There was a little bit of a rumbling (read: a mini-freakout) from a section of hardcore NBA fans on Tuesday, when a mass email was sent out from the league in error that announced a skyrocketing of the price to purchase League Pass for next season.
The service that allows access to watch
all most regular season games either over the internet or through your local cable provider is essential to NBA junkies, and after the small amount of hysteria that went down in response to the emailed announcement, the league confirmed its pricing for the service for the 2013-14 season.
The Premium full season package that includes all teams will go for a $189 early bird price, and will be $199 after Nov. 5.
The 5-Team Choice Package (broadband only) is $129.99 early bird, and 139.99 after Nov.5 The mobile package to watch games live on your cell phone or tablet will be $49.99.
These prices are in line with what was charged last season, and it’s fair for the offering. There have been wide-ranging complaints about the quality of the service — games being “unavailable due to technical difficulties,” not every game being offered in HD 100 percent of the time, and shaky quality of broadcasts — but overall I found the service to be of more than serviceable quality the majority of the time.
My issues with League Pass are more about the games that you can’t watch via this service.

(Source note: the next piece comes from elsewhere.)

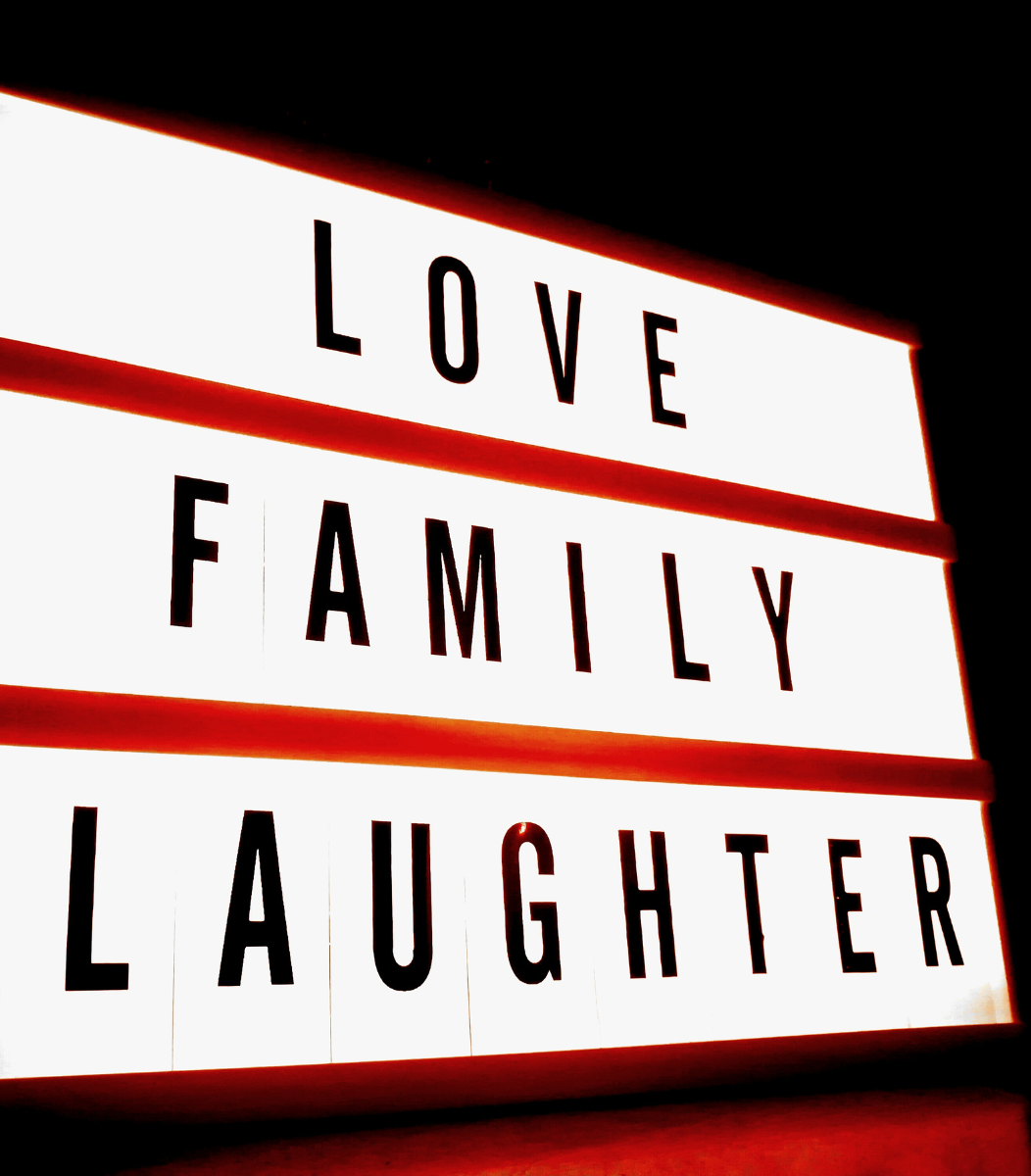 A decorative sign reading 'Love, Family, Laughter,' symbolizing the warmth and joy of family reunions hosted by Cavanaugh Carriages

The limitations are extremely frustrating, and include the following:
– Games televised on NBA TV are not included in League Pass broadband (i.e., NBA TV must be purchased through your cable operator in order to view these games): This doesn’t seem like a fair exclusion. If it’s NBA TV and I’m paying to watch NBA games, then those shown on this channel should be available through my League Pass broadband account.

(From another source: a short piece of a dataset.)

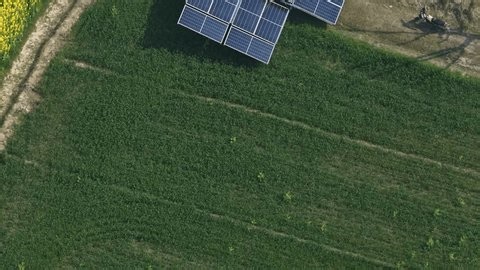 clip-4013274645-aerial-drone-footage-solar-panels-installation-on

– Games televised on TNT, ESPN, or ABC are not included in the League Pass broadband package: This one doesn’t make sense, because if the games are offered technically for free over the air, I should be able to see them over the league’s broadband service as one of its paying customers.
– League Pass broadband archives all games for later viewing, which is fantastic. However, the ones shown on the previously-mentioned networks aren’t included, and my local team’s games are both blacked out live and are not available via the archive service. As a journalist who attends my local team’s games in person (or is traveling to see games in other cities), if I forget to set the DVR for whatever channel the game where I live happens to be shown on, I’m unable to watch when I get home or the following day.
Of course, I understand why these restrictions are in place. The NBA is trying to get more people to watch its games on these networks that pay the league billions for broadcast rights, and isn’t trying to get fans to cut the cord with cable by offering its product by itself for a flat rate price.
(Full disclosure: I literally only turn on my television to watch live sports in real time. I would definitely drop my cable subscription if I could pay whatever to watch 100 percent of NBA games online.)
But if the NBA wanted to do right by its fans, it would find a way to distribute those dollars wherever they need to go behind the scenes, and provide the full compliment of its games to its customers for one flat rate, in one simple online solution.